Opinion
Civil Action BCD-REA2023-00010
07-19-2023
THOMAS CONNOR and ALYSSA K. MAZEIKA v. ALICE MAZEIKA and DAVID MAZEIKA
ORDER
Thomas R. McKeon, Justice.
The Plaintiffs own real property as tenants in common with the Defendants. Defendants are the parents of Plaintiff Alyssa Mazeika. Plaintiff Thomas Connor is their son in law. The property is a two-unit residential property on a single lot. Plaintiffs have filed this equitable partition action asking the court to order the sale of the property and to divide the proceeds. Defendants counterclaimed. They seek a statutory partition where the property is physically divided between them.
Plaintiffs file this motion for summary judgment asking the court to order the sale of the property. They assert that Defendants failed to generate a genuine issue of material fact that would allow the Defendants any remedy other than a sale.

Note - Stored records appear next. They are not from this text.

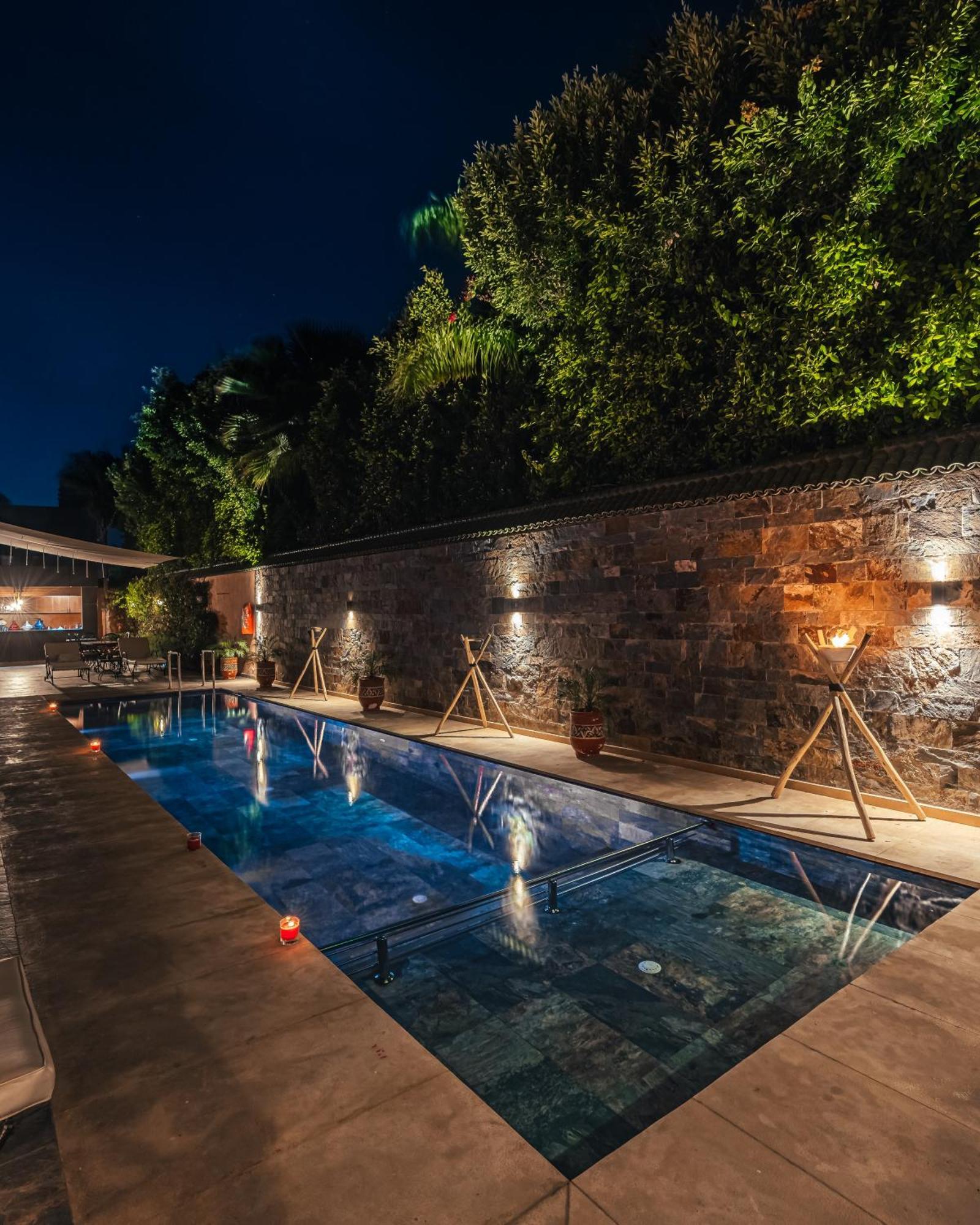 Yanis Guest House มาร์ราเกช ภายนอก รูปภาพ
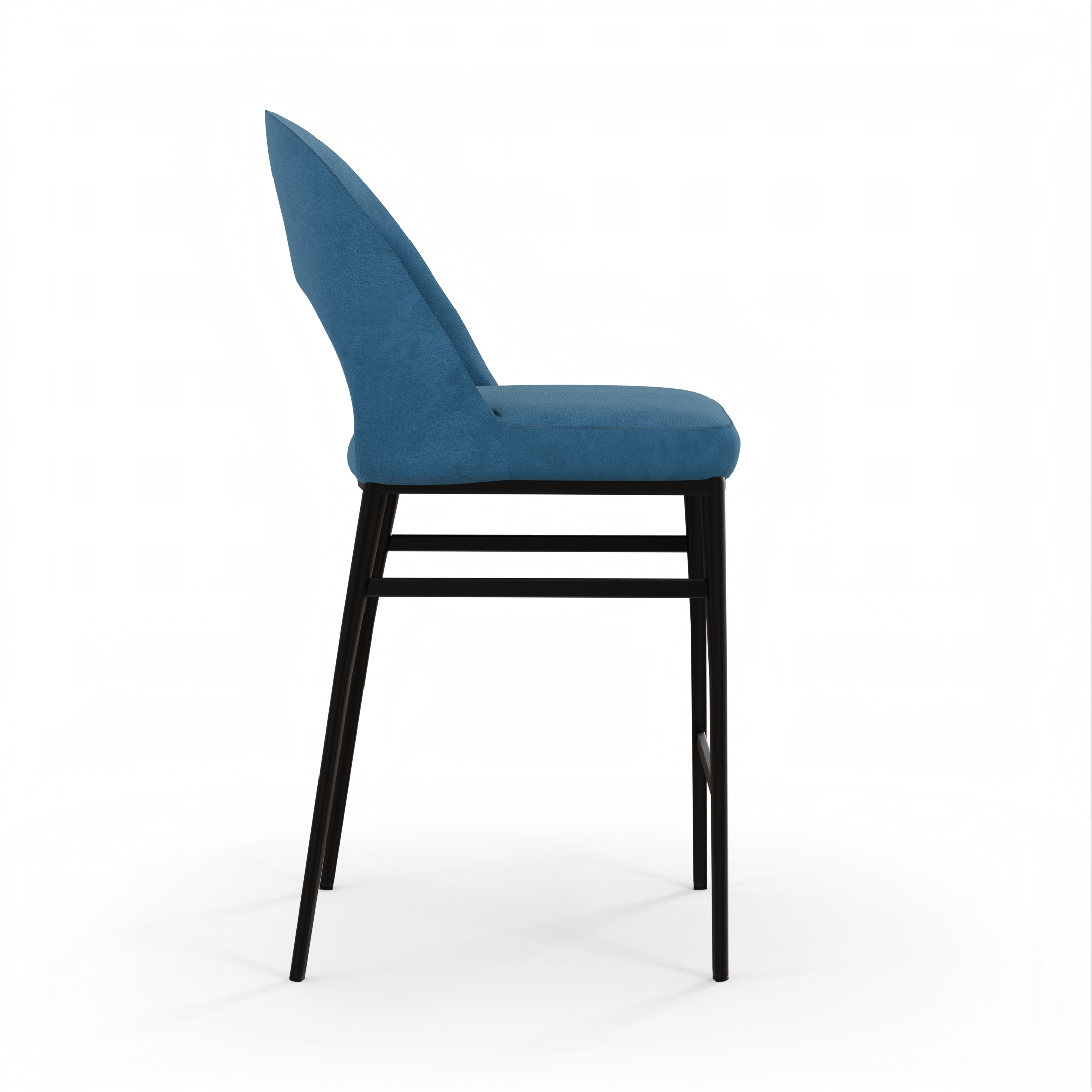 Rubi Barstool - Velvet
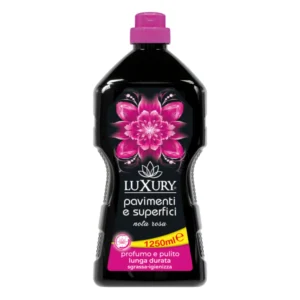Detergente Pavimenti e Superfici - Luxury - 1,250lt - Varie Fragranze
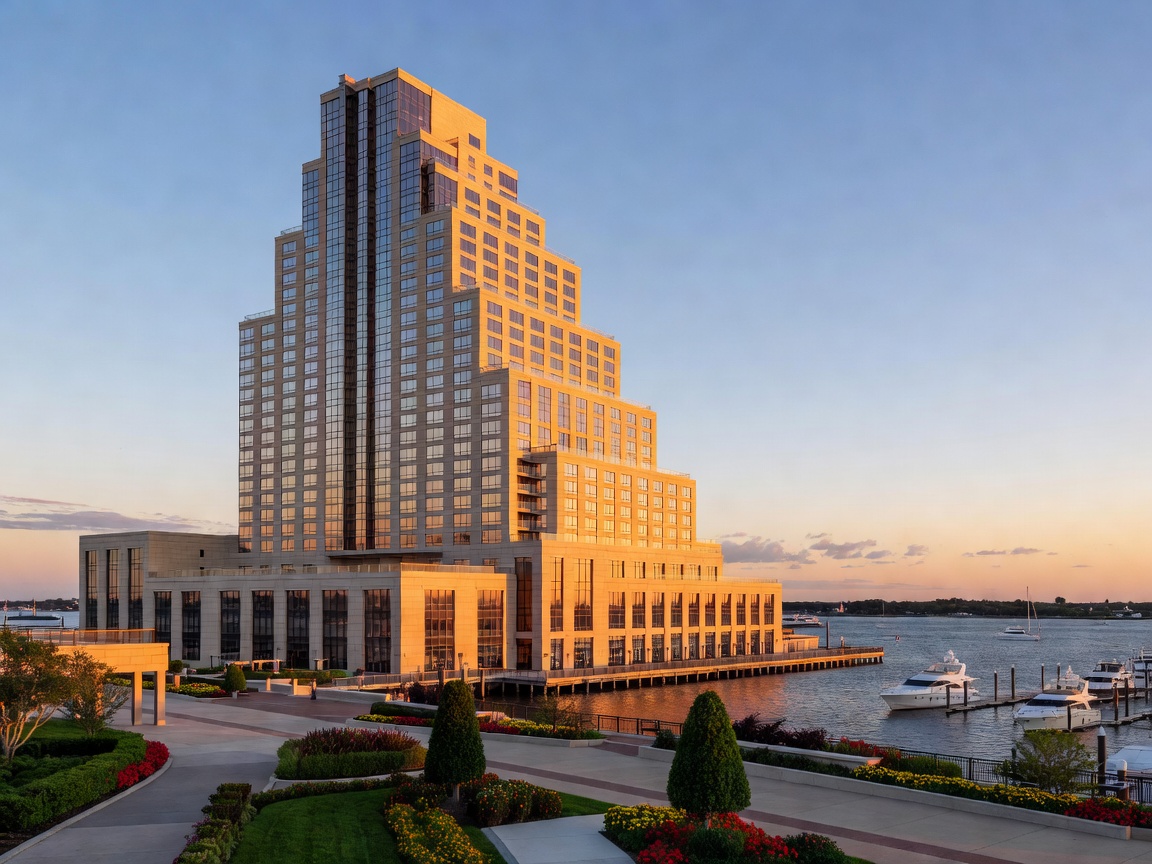 Borgata, Marina District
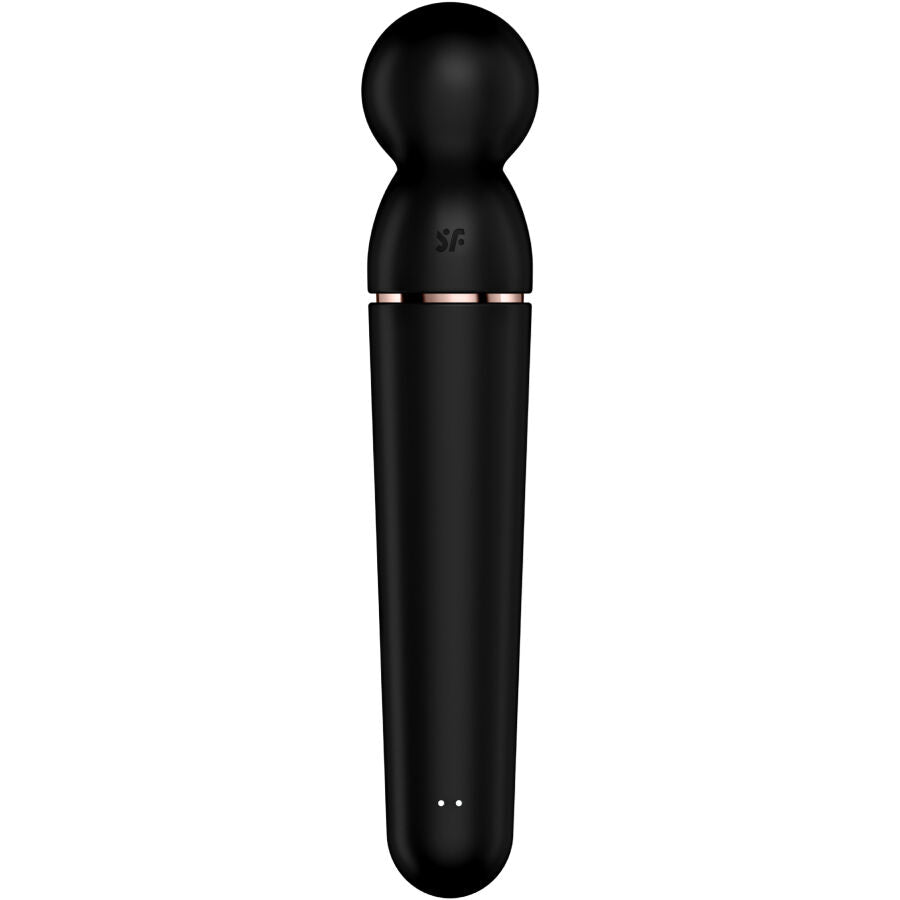 Satisfyer Planet Wand-er Rød Erotik Massager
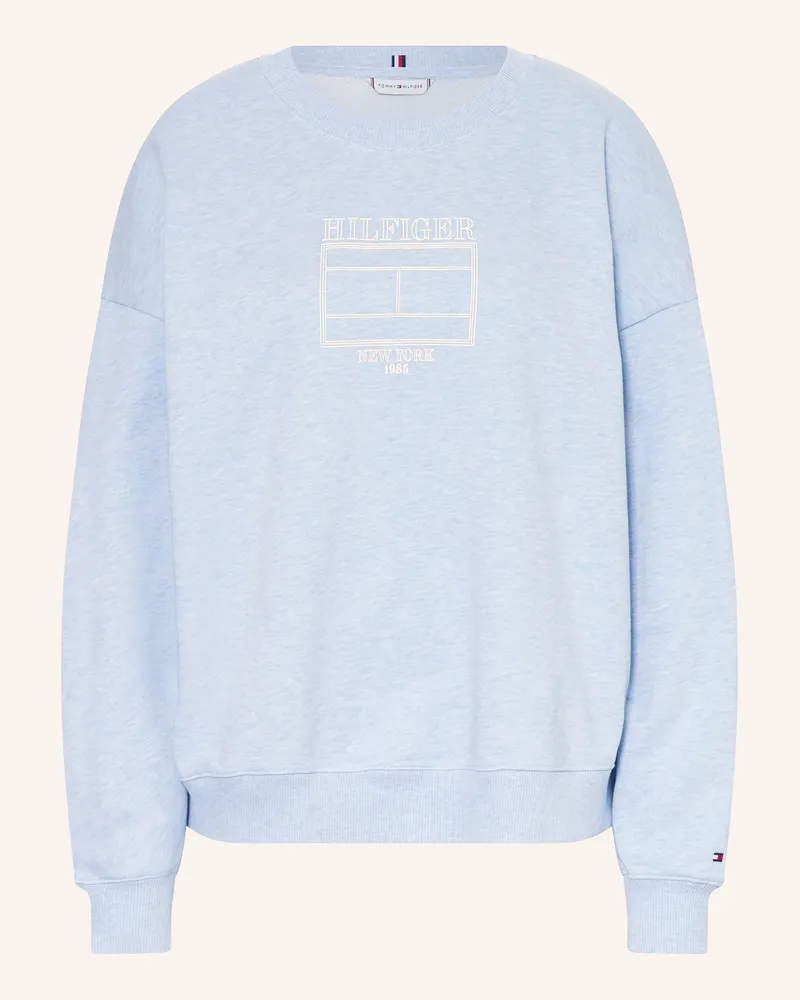 Tommy Hilfiger Sweatshirt Hellblau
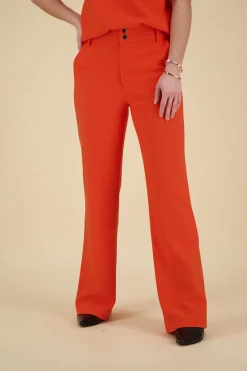 Pantalon Comfy Oranje
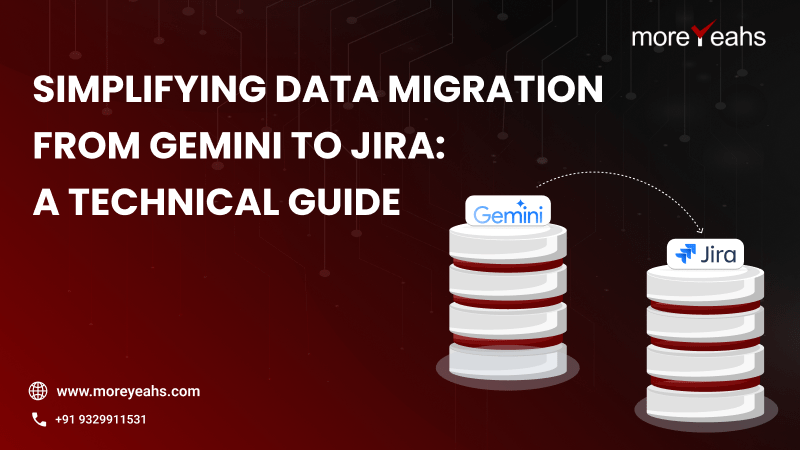 Data Migration from Gemini to JIRA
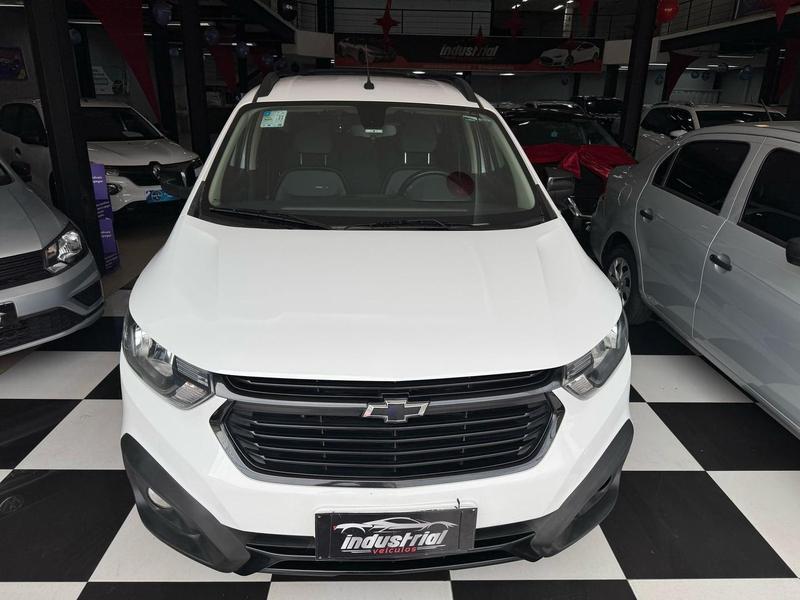 CHEVROLET SPIN 1.8L AT ACT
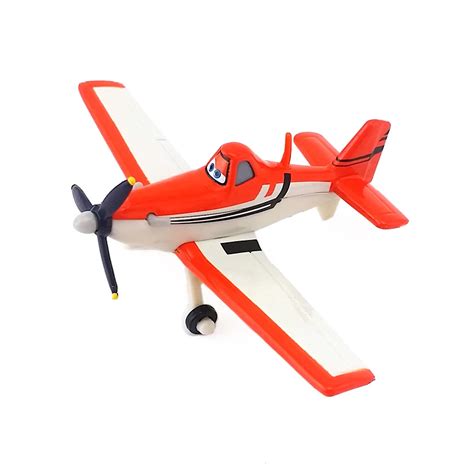 Disney Pixar Planes Standard Dusty 1:55 Diecast Metal Alloy Toy Plane ...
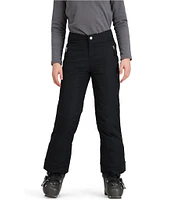 Obermeyer Big Girls 7-16 Solid Ski Pants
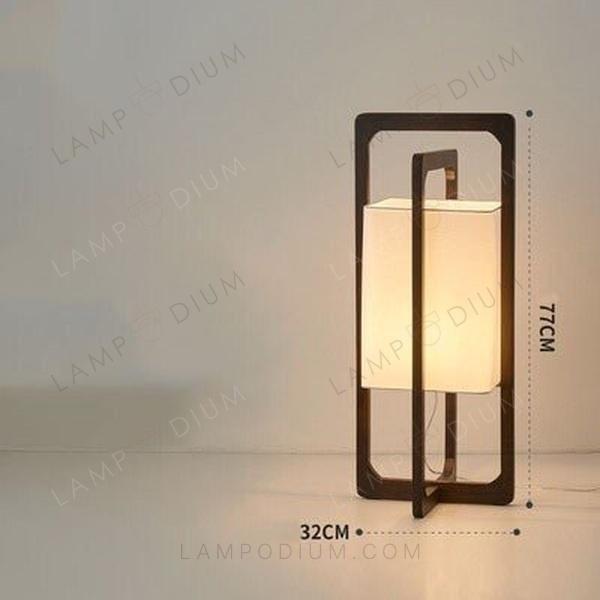 Floor lamp COPSE LAMP S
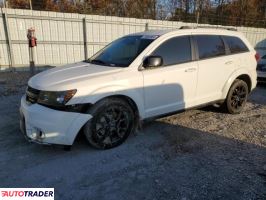 Dodge Journey 2019 3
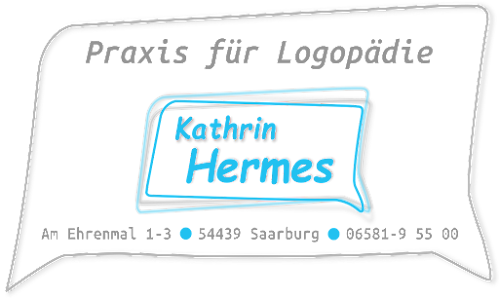 Praxis für Logopädie Kathrin Hermes Am Ehrenmal 1, 54439 Saarburg, Deutschland
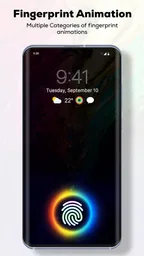 Fingerprint Live Animation App 6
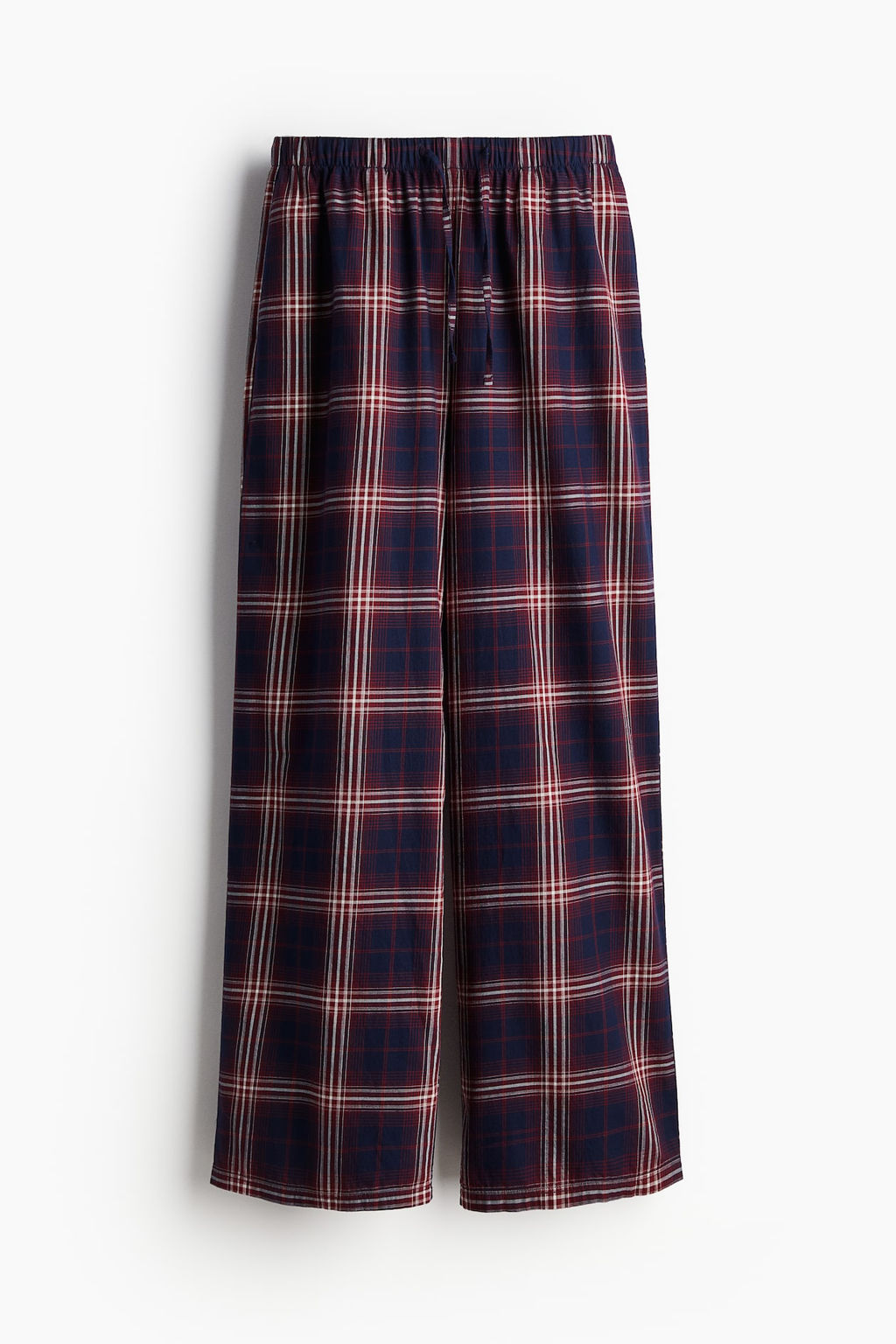 Pantalon de pijama en franela de algodon - H&m фото 4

Statutory partition may be carried out only by physical division of the jointly owned real estate. 14 M.R.S.A. § 6501; Libby v. Lorrain, 430 A.2d 37, 39 (Me. 1981). Equitable partition is a more flexible procedure than the statutory action for partition. Libby, 430 A.2d at 39. Remedies may include physically division of the property, ordering a sale of the property, or allowing a buy out of the property. Id Physical division of the property is not appropriate if it would materially injure the rights of the parties. See Murphy v. Daley, 582 A.2d 1212, 1213 (Me. 1990). An order allowing one party to "buy out" the other party would require that the party seeking to buy out the other party have the necessary financial capacity. See Hutz v. Alden, 2011 ME 27, ¶ 13, 12 A.3d 1174. Ultimately, it is in the court's discretion to require a sale or allow a buyout after weighing all the equities. See id
In their summary judgment motion, the Plaintiffs argue that the Defendants have not generated a genuine issue of material fact in order to allow the court to employ either the "physical division" OT the "buy out" remedies. To survive a motion for summary judgment, the nonmoving party must establish a prima facie case for every element of the party's cause of action. See Saveli v. Duddy, 2016 ME 139, ¶ 18,147 A.3d 1179. The court considers reasonable inferences that may be drawn from the facts. Curtis v. Porter t 2001 ME 158, ¶ 9, 784 A.2d 18. "When facts or reasonable inferences are in dispute on a material point, summary judgment may not be entered." Id. In addition, in a partition claim sounding in equity, there must be no genuine issue of material fact affecting either the equitable claims or the equities that must be considered. Hutz, 2011 ME 27, ¶ 11, 12A.3d 1174.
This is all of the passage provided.